R/psborrow.t2e.R
In psBayesborrow: Bayesian Information Borrowing with Propensity Score Matching

Documented in psborrow.t2e

#' Simulation study of hybrid control design with Bayesian dynamic borrowing
#' incorporating propensity score matched external control: time-to-event outcome
#'
#' Simulation study is conducted to assess operating characteristics of hybrid
#' control design with Bayesian dynamic borrowing, where the concurrent control
#' is augmented by external control. The external controls are selected from
#' external control pool using a propensity score matching. Commensurate power
#' prior is used for Bayesian dynamic borrowing. The time-to-event outcome is
#' applicable.
#' @usage
#' psborrow.t2e(
#'   n.CT, n.CC, nevent.C, n.ECp, nevent.ECp, n.EC, accrual,
#'   out.mevent.CT, out.mevent.CC, driftHR,
#'   cov.C, cov.cor.C, cov.EC, cov.cor.EC, cov.effect,
#'   psmatch.cov,
#'   method.psest="glm", method.pslink="logit",
#'   method.whomatch, method.matching, method.psorder, n.boot=100,
#'   analysis.cov, method.borrow,
#'   chains=2, iter=4000, warmup=floor(iter/2), thin=1,
#'   alternative="greater", sig.level=0.025, nsim)
#' @param n.CT Number of patients in treatment group in the current trial.

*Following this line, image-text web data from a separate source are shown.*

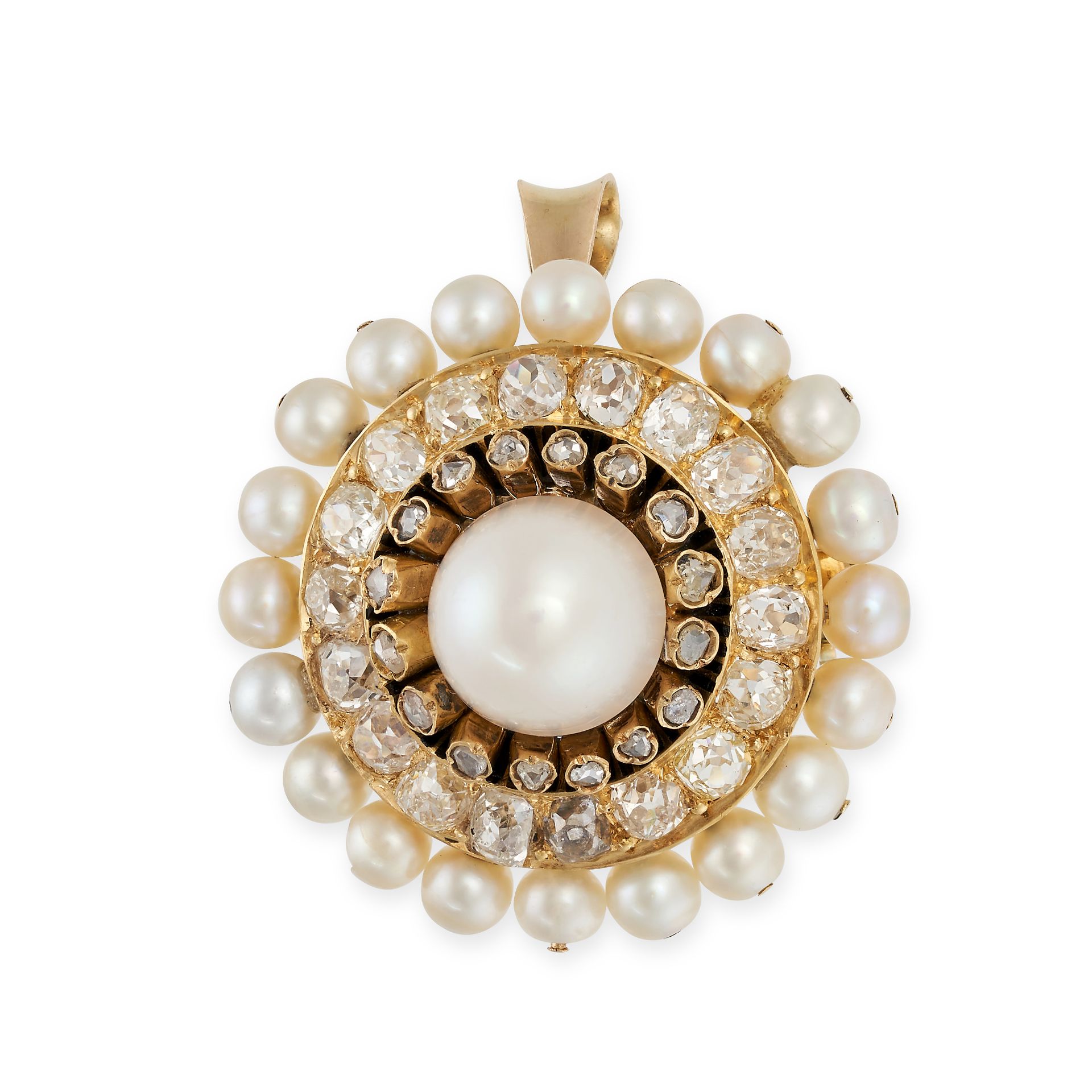 A NATURAL SALTWATER PEARL AND DIAMOND BROOCH / PENDANT in 18ct yellow gold, set with a natural sa...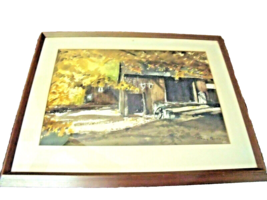 Vintage Harry Buckley Stable Barn Watercolor Painting Framed Ranch Signed - £395.59 GBP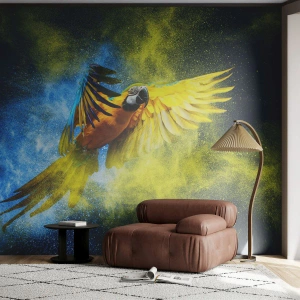 Fotomural Premium Sand - Un loro volador en una explosión de polvo amarillo y azul. - 100x70cm - En polvo azul y dorado - Decoración de pared moderna para salón y dormitorio ARTTOR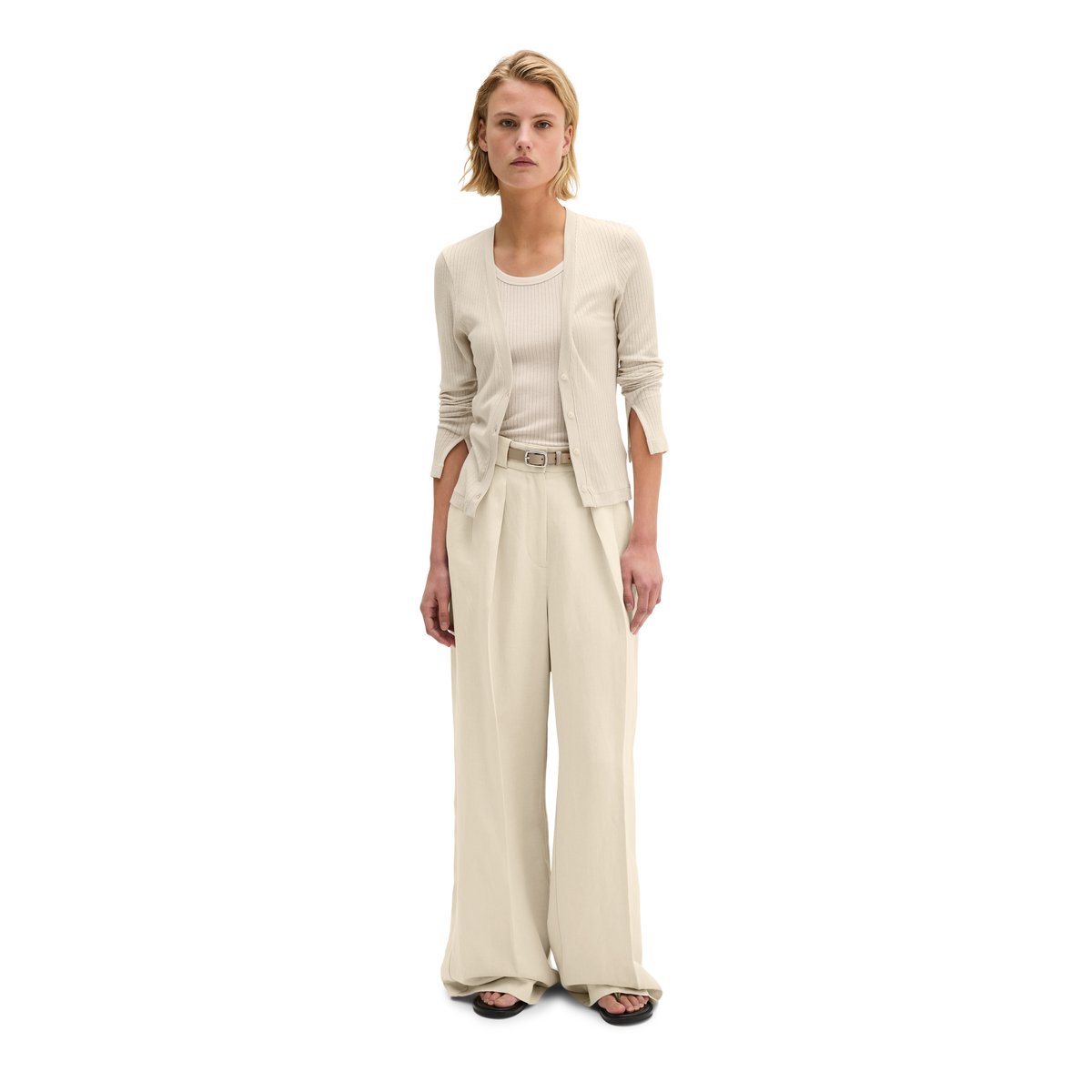 Rip-Cardigan slim en mélange de TENCEL™ modal et de coton marron gris, MARC O'POLO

#' @param n.CC Number of patients in concurrent control group in the current
#' trial.
#' @param nevent.C Number of events in treatment and concurrent control group
#' in the current trial.
#' @param n.ECp Number of patients in external control pool.
#' @param nevent.ECp Number of events in external control pool.
#' @param n.EC Number of patients in external control.
#' @param accrual Accrual rate, defined as the number of enrolled patients per
#' month.
#' @param out.mevent.CT True median time to event in treatment group in the
#' current trial.
#' @param out.mevent.CC True median time to event in concurrent control group
#' in the current trial.
#' @param driftHR Hazard ratio between concurrent and external control for
#' which the bias should be plotted (hazard in external control divided by
#' hazard in concurrent control).
#' @param cov.C List of covariate distributions for treatment and concurrent
#' control group in the current trial. Continuous and binary covariate are
#' applicable. The continuous covariate is assumed to follow a normal
#' distribution; for example, specified as
#' \code{list(dist="norm", mean=0, sd=1, lab="cov1")}. The binary covariate is
#' assumed to follow a binomial distribution; for example, specified as
#' \code{list(dist="binom", prob=0.4, lab="cov2")}. \code{lab} is the column
#' name of the covariate in the data frame generated.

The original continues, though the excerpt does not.